Upon the following afternoon Thady Shea was laboriously plowing the upper flat. Down at the shack, Fred Ross was cleaning house. He was cleaning house in his own simple and thorough fashion. He took everything outside in the sun. Then he set to work with a bucket of suds and a broom, and scrubbed the walls, floor, and ceiling; he was figuring on papering the walls a little later. The result of this cleaning was damp but satisfactory.
Having returned most of his belongings to their proper places, Ross was engaged in fitting together the iron bed. He heard the grinding roar of a car coming up the canon trail in low gear, and went to the doorway. A dust-white flivver was approaching. As he watched, it came up to the shed and halted. There was but one person in the car.

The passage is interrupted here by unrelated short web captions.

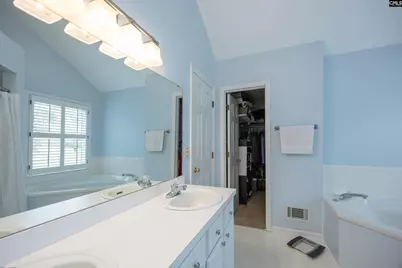 1381 Inverness Forest Drive, Lugoff, SC 29078 - Photo 28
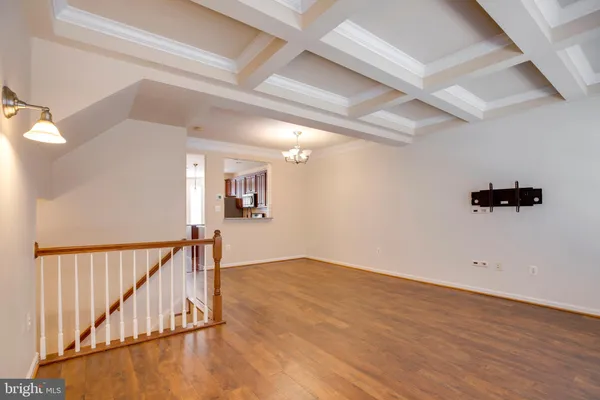 $3,650 | 4527 English Holly Drive, Fairfax, VA 22030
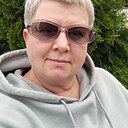 Милая, 54 года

From the dust-white flivver alighted a tall, large woman clad in old but neat khaki, upon her head a black bonnet. With surprise, Ross recognized her; it was the woman whom he had seen at Datil the previous day. It was the woman who had bought Dad Griffith a meal, and who, presumably, had given the ancient a lift toward the Arizona line.
She approached the doorway and transfixed Ross with keen, glittering blue eyes. Her look was one of unmistakable truculence, of hostility.
"Your name Ross?" she demanded.
"It is, ma'am," he meekly answered. "Will--"
"My name's Mehitabel Crump, with a Mrs. for a handle," she stated. "You got a man by the name o' Shea workin' here?"